I’ve been experimenting with OpenNMT-tf with my own data, which are a series of numbers as source data and word sentences as the target. The corpus is about 20,000 lines long each, of generally uneven length.

When I run onmt-main infer --config config/opennmt-defaults.yml config/data/toy-ende.yml --features_file data/toy-ende/src-test.txt, using a src-test file of new inputs, it repeats the same output over and over as the results, which is a seemingly random sentence (one that is present in the target training data). What I was hoping for from the inference process was to generate predictions that were different from the training data, a mishmash of new sentences (of likely varying levels of sense).

I’m running the NMTBig model, with 200000 steps. The beam is 12, learning 1.0, decay rate 0.7, batch size 64, infer batch size 30.

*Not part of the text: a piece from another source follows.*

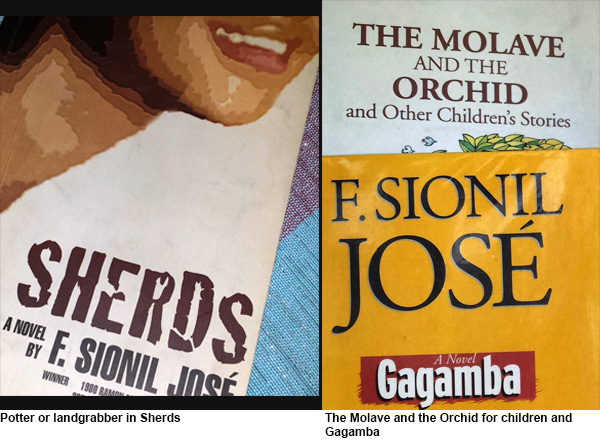 Four Samples From F Sionil Jose S Cache Of Books Philstar Com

Am I doing something wrong here which is resulting in these repeated results? And can anyone suggest what I can do to get my desired results?

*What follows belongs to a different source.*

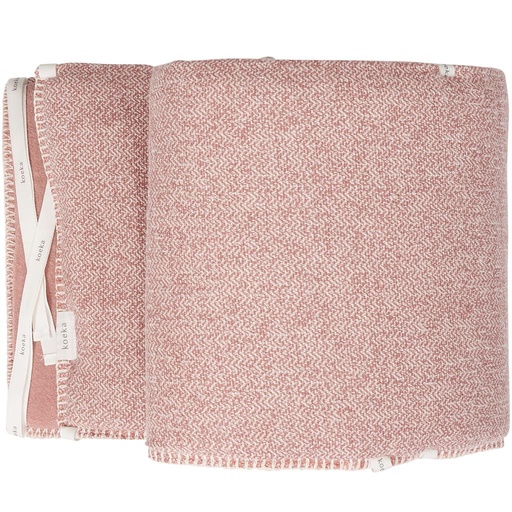 *Bed/parkomrander Vigo old pink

guillaumekln · September 14, 2018, 8:08am

Hi,

It looks like you don’t have enough data to train the NMTBig model which, as the name suggests, is a large sequence to sequence model.

Maybe try to train NMTSmall and make sure to use train_and_eval to monitor how the evaluation loss evolves.

spaces · September 15, 2018, 7:08pm

Thanks for the suggestion! I did some experiments with a smallNMT (200000 steps) and it seems to have the same results as before, and this is when training it with train_and_eval.

I wonder if it’s my training data? My vocab file has some individual floats, as well as collections of 10-15 floats, all paired with what are fairly uniform sentences in my target data. Could this be the culprit?